The expanding universe, the immensity and eternity of the sky, the exhilarating realization that we are nothing but stardust, floating in the shores of the cosmic ocean.
“I know nothing with any certainty, but the sight of stars make me dream” - these words echo within my soul, immaculately encapsulating the fervent zeal that resonates within me.
When you’ve dreamt about the starry heavens your whole life, the fact that the celestial wonders aligned on the day the heavens created you, feels…ethereal.
Was it a mere coincidence that as I stepped into my eighteenth orbit around the sun, a new year of my earthly existence kicked off with a cosmic symphony of events - the dance of fireballs in the form of the Quartinoid meteor shower, coinciding with the parhelion, when the Sun’s the nearest to the earth that’s rushing away at its fastest!
The highs, the rush you feel when you’re chasing after shooting stars, the streaks of light - the fleeting wishes whispered by the universe’s grand fireworks. It was as if I could feel the weight of the stardust in the depths of my bones.
The warmth of the sun’s rays on your skin, the soft glow of the sunlight amidst the cold winter winds, the cosmic intimacy almost as if you could hear Helios, the Greek Sun god whispering secrets of the universe, a celestial embrace…
Carl Sagan in his “Cosmos”, eloquently described that the universe is not merely a collection of celestial bodies, but a “story written in the language of stars.” He liked to believe that universe is pretty big space; if it’s just us, it seems like an awful waste of space.
The universe is like a realm of contrasts. The raging fire of the sun, the chilling indifference of the void, the galaxies, strewn like sea froth, drifting endlessly in the great cosmic dark. And oh - the black holes, the darkness that fascinates everyone.
Staring into the abyss of a black hole, not the sort filled with despair that we forge for ourselves, but the crushing remains of those stars, a million times bigger than our Sun. Black holes are so tragically beautiful, a graveyard of stars, where the forces of gravity are so intensely strong, threatening to swallow you whole.
I wonder what it would be like to be trapped in this world of sheer darkness, where days turn to years, where all that you were is nothing but a bunch a fleeting memories. The stars collapse into themselves (into a super-dense point of singularity) with a deafening rage when they run out of fuel. The walls of confinement (the event horizon) that even light cannot escape, so yes, black holes are kinda invisible.
The space is filled with paradoxes, the vastness stretched to infinity, you can’t help but be overwhelmed by the mere size of it all.

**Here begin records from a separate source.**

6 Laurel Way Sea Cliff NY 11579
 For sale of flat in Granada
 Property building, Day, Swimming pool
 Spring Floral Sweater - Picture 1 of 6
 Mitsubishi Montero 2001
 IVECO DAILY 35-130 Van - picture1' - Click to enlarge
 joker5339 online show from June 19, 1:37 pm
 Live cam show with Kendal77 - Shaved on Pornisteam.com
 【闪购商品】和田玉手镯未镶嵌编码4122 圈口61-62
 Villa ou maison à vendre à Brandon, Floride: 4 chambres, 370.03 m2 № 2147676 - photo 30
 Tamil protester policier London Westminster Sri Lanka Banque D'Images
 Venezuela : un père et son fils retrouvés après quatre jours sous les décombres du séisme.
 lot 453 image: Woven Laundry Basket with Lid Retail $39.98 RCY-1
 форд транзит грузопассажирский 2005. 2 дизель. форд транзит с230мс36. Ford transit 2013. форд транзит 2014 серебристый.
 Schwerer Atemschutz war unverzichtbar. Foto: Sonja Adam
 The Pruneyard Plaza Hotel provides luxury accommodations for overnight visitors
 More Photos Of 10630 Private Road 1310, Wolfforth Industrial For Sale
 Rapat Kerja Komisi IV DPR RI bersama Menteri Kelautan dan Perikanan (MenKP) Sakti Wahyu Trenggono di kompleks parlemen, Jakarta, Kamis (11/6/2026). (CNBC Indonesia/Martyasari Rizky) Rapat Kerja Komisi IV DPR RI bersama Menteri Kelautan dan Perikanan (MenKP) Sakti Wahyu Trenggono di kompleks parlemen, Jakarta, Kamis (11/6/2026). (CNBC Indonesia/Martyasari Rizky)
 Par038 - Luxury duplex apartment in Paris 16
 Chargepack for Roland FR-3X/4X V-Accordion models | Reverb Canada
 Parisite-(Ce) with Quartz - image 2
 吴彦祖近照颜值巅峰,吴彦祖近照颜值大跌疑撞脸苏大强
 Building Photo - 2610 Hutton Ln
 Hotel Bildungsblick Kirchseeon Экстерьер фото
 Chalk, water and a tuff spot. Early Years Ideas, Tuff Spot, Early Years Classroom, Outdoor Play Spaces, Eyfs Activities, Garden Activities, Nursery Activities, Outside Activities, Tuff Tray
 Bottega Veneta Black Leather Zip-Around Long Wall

“You are floating through space on a giant rock that circles a ball of fire next to a moon that moves the sea and you don’t believe in miracles?”
What Are Black Holes?
Black holes are like black voids in space. A massive dead star that has such a gravitational field that even light cannot escape, any light that’s emitted from the star is pulled back by the forces of gravity. We can’t see such stars as the light rays will never reach us.